* _Your assignment_: Copy out exactly the stretch of the listing below that begins at the line containing "Smiling young girl" and ends at the line containing "a bedroom with a bed and a dresser", and copy nothing outside it.

•••

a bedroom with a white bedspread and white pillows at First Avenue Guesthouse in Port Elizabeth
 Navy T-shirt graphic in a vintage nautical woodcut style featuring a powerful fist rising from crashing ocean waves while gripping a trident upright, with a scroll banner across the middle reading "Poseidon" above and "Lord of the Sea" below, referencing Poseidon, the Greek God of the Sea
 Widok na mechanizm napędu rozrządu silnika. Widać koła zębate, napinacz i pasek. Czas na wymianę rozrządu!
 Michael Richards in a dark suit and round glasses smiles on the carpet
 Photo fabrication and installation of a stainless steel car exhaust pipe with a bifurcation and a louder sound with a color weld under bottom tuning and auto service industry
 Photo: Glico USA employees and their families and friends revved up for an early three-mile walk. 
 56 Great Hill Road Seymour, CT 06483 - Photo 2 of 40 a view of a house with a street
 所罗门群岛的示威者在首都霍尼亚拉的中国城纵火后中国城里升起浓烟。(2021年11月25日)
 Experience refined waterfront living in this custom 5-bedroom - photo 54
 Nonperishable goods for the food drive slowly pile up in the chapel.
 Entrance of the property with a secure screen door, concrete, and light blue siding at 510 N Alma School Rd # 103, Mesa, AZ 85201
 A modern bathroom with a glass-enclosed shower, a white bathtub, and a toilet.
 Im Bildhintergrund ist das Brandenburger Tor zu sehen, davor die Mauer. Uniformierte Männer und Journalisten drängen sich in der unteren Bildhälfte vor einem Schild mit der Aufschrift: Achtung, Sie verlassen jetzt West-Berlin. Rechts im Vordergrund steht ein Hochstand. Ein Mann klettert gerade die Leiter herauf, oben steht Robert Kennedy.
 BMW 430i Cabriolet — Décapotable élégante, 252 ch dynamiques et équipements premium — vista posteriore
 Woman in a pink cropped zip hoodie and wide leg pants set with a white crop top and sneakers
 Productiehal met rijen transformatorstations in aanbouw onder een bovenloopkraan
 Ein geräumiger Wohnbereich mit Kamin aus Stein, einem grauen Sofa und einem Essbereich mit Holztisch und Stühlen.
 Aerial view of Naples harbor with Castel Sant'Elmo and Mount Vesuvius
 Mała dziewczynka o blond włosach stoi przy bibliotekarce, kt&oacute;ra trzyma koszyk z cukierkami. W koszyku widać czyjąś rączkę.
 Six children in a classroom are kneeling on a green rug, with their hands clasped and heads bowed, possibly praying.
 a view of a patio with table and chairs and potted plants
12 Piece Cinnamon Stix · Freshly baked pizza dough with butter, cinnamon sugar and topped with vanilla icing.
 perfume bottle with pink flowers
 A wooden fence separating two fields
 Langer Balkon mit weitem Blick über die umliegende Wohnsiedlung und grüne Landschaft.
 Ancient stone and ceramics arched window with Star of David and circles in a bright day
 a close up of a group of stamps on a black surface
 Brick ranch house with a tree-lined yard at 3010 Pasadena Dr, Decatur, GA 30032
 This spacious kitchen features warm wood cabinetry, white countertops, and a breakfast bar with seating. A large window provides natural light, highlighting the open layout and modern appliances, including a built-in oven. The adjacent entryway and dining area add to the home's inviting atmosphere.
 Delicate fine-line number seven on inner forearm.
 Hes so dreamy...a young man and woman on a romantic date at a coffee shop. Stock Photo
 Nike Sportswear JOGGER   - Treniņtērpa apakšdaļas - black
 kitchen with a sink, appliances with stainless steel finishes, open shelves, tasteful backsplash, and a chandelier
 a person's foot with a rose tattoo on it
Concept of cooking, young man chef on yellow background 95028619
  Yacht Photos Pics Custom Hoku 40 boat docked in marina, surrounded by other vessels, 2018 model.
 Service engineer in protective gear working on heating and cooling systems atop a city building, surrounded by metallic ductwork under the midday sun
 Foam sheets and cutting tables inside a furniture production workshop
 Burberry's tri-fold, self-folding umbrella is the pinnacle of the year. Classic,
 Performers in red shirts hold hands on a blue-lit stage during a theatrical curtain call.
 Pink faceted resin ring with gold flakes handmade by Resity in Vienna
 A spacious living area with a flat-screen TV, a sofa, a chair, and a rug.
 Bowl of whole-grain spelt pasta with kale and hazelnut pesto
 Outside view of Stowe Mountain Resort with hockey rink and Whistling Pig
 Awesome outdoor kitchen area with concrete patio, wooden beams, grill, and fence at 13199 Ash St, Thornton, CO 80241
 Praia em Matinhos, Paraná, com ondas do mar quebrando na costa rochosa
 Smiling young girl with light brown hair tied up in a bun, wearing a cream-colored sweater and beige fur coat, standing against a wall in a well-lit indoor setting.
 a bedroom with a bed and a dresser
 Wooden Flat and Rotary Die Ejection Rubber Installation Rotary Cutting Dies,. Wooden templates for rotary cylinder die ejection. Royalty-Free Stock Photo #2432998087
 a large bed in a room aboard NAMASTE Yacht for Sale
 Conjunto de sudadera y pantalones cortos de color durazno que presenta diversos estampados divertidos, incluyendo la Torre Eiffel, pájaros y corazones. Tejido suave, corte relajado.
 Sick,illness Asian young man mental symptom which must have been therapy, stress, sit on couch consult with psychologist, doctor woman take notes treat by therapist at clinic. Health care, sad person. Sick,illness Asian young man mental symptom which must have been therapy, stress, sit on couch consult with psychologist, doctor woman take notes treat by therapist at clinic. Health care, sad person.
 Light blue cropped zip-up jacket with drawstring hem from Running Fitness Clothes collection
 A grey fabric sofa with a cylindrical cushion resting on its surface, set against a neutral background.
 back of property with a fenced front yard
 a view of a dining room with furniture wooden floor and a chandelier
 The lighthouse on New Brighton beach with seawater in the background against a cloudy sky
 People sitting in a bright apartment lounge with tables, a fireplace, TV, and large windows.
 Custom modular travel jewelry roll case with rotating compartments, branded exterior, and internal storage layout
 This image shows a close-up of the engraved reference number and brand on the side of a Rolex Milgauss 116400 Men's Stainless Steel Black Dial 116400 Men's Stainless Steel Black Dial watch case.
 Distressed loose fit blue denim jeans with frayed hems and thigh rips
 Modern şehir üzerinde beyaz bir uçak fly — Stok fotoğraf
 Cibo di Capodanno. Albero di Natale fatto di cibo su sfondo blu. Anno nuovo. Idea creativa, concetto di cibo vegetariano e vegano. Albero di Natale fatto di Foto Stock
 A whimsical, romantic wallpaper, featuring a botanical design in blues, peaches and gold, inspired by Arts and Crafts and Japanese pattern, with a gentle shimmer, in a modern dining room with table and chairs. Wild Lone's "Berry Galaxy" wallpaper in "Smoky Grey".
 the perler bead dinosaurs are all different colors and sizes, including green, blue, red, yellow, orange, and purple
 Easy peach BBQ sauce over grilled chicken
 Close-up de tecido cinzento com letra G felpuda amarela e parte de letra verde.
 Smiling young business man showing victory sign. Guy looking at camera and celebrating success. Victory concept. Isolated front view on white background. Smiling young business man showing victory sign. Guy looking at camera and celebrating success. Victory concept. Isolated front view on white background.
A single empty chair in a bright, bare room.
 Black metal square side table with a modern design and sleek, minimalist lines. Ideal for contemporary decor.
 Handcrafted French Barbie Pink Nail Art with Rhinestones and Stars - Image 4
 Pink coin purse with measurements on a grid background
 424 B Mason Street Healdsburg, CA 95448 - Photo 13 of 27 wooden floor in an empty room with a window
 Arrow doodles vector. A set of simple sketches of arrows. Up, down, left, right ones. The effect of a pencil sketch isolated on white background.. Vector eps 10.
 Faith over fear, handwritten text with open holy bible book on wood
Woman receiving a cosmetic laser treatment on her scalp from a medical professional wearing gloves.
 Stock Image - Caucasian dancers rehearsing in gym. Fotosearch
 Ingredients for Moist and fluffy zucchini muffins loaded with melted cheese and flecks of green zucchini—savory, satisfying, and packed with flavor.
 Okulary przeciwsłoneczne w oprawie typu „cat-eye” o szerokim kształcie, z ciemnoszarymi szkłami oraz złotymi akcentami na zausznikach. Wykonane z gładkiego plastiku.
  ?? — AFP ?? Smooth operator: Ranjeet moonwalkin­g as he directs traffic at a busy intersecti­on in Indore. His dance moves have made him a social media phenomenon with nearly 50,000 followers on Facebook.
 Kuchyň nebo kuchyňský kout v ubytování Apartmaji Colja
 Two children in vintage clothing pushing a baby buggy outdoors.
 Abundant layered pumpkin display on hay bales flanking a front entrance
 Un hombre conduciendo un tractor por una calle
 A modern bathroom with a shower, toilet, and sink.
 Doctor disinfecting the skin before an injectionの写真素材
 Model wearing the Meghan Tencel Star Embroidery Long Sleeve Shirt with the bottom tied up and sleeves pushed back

•••

* _Reply_:
 Smiling young girl with light brown hair tied up in a bun, wearing a cream-colored sweater and beige fur coat, standing against a wall in a well-lit indoor setting.
 a bedroom with a bed and a dresser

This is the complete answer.